Assignment
From the line with "a plate topped with waffles, eggs and bacon" through the final line below, restate each line word for word and return nothing else.

=====

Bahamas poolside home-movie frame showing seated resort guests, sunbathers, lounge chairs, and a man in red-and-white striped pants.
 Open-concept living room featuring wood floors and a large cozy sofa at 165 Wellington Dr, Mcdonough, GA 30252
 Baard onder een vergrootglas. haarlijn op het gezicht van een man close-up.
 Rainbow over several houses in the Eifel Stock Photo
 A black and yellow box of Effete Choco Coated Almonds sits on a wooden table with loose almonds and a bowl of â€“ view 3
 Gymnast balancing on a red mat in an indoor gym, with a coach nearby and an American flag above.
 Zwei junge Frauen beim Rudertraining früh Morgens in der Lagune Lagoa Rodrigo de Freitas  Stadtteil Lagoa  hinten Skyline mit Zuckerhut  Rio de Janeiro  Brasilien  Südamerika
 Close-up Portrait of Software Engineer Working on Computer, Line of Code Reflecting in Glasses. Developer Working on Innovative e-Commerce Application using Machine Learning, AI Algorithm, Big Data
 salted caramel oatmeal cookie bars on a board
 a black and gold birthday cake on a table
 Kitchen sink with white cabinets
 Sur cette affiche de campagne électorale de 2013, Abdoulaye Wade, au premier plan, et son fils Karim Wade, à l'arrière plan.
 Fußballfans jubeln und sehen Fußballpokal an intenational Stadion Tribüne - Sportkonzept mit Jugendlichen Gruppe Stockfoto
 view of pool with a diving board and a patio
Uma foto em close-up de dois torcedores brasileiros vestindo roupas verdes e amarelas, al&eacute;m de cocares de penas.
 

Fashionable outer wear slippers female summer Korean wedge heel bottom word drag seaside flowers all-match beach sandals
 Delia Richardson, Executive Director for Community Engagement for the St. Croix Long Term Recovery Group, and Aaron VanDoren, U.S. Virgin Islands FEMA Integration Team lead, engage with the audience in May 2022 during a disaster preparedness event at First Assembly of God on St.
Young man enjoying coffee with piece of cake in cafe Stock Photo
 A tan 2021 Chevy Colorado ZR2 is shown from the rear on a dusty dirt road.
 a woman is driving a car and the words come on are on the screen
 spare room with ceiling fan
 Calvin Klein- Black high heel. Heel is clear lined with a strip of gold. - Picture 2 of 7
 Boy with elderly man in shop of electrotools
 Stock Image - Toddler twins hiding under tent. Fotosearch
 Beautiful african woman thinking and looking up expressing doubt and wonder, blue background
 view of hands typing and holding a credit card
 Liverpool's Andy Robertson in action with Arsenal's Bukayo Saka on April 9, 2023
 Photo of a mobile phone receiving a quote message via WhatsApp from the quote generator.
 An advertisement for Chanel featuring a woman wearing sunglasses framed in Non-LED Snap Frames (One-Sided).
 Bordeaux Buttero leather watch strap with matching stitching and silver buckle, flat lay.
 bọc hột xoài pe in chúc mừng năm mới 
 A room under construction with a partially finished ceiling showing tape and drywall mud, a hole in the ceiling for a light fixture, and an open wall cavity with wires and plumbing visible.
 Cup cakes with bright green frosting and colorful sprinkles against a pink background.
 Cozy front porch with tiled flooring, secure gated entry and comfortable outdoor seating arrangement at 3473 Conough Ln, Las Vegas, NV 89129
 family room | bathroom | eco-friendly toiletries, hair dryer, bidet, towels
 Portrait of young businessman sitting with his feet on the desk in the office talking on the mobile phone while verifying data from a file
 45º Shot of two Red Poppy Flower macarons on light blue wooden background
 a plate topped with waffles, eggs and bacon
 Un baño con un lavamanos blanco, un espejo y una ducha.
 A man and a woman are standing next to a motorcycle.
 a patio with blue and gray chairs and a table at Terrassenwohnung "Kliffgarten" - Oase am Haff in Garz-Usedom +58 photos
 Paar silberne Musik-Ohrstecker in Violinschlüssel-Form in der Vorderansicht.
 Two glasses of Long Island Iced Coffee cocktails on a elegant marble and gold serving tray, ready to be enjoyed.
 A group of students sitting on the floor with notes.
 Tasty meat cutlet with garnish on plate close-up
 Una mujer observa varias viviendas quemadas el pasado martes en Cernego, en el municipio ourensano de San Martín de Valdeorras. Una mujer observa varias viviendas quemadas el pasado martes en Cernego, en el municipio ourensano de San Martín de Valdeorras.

=====

Finished task
 a plate topped with waffles, eggs and bacon
 Un baño con un lavamanos blanco, un espejo y una ducha.
 A man and a woman are standing next to a motorcycle.
 a patio with blue and gray chairs and a table at Terrassenwohnung "Kliffgarten" - Oase am Haff in Garz-Usedom +58 photos
 Paar silberne Musik-Ohrstecker in Violinschlüssel-Form in der Vorderansicht.
 Two glasses of Long Island Iced Coffee cocktails on a elegant marble and gold serving tray, ready to be enjoyed.
 A group of students sitting on the floor with notes.
 Tasty meat cutlet with garnish on plate close-up
 Una mujer observa varias viviendas quemadas el pasado martes en Cernego, en el municipio ourensano de San Martín de Valdeorras. Una mujer observa varias viviendas quemadas el pasado martes en Cernego, en el municipio ourensano de San Martín de Valdeorras.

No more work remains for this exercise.